To the extent that IRF is a well-designed IR framework, it should be possible to build many applications without modifying any of the IRF class code, but rather by creating new application classes which in some cases extend IRF classes. This section outlines the main work items required to build a new application when the application documents can be adequately described in terms of the existing set of data elements, the indexes provided (keyword and IDF-based) are appropriate. etc. If the application needs new data elements, alternate sorts of indexing features, different index structures, a different way of supporting persistence, etc., then the section on Changing the framework is more appropriate.
In order to represent a new kind of document so that IRF can use it as a source type, you need to define a Java class for this type. This class must extend the Document class, but thanks to inheritance, most of the features needed for a document type will be present in that new class.
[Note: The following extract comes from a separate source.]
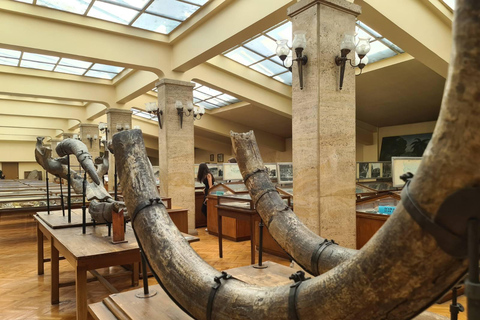 Audioguía del Museo de Paleontología y Geología Histórica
You then only have to define which kind of fields your document contains, and give each a name with a very classical instance variable declaration. IRF does all the rest, as explained in the Document class.
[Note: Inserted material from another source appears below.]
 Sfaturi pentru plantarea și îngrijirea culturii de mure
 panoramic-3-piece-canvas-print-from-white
For support of persistence the class alone won't be enough: a Proxy class must be created for the corresponding document class. A few features will then have to be provided, but they are easy to define (mainly a constructor that makes sure the real document contained is actually of the wanted class).
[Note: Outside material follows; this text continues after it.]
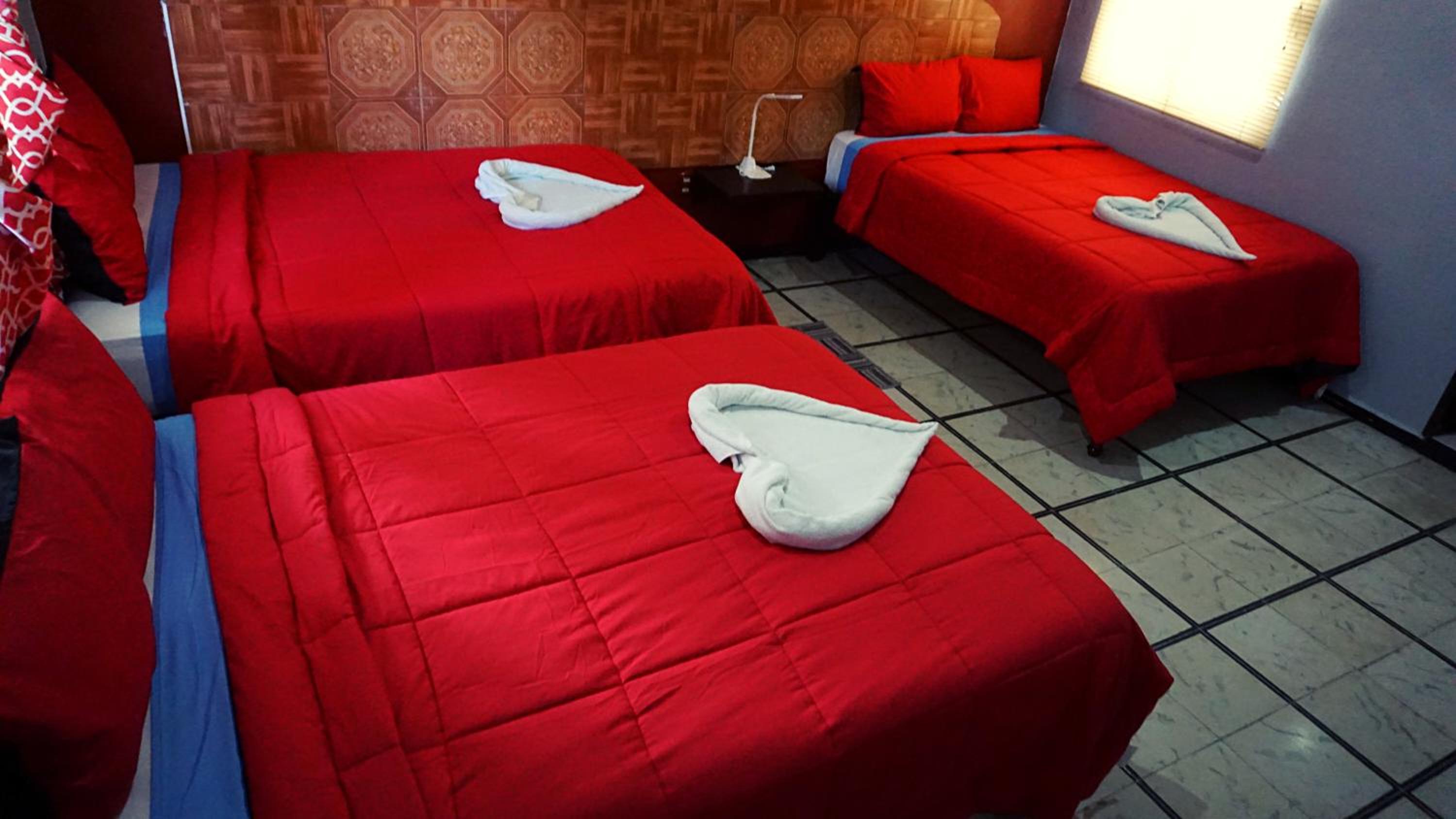 Standard Triple Room - Photo 9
The job of converting a raw data file to the new document objects is done by a converter. The converter can extend the IrfConverter class. Mainly, a converter creates documents and their constituent fields out of data elements. That's why a converter must be aware of the type of documents it is attempting to create. If the raw data is in SGML format, or directly the output of nsgmls, it may be a good idea to use this last tool and to extend the Sgml2AppDocConverter class to create the new converter, because basically the only job to do will be to create a ConversionRules class that just matches NSGMLS tags to field names in the defined document class.
As you defined a new kind of document, you need a broker to take care of instances of this new document type. You have to create a Broker class that will extend a generic broker, depending on the storage scheme you chose. If you extend the BufferedRandomAccessFileBroker, you don't have any methods to define at first; the default (de)serialization mechanism works fine. It allows you to get something working quickly. Later, you can tune the mechanism by overriding the two methods writeObject() and readObject(), which should result in a significant speed increase. Tuning the methods is fairly easy. It just consists in calling a PersistentObjectManager method (writeProxy()) with every field of the object to be stored, and the reverse thing for rebuilding it with the buildProxy() method.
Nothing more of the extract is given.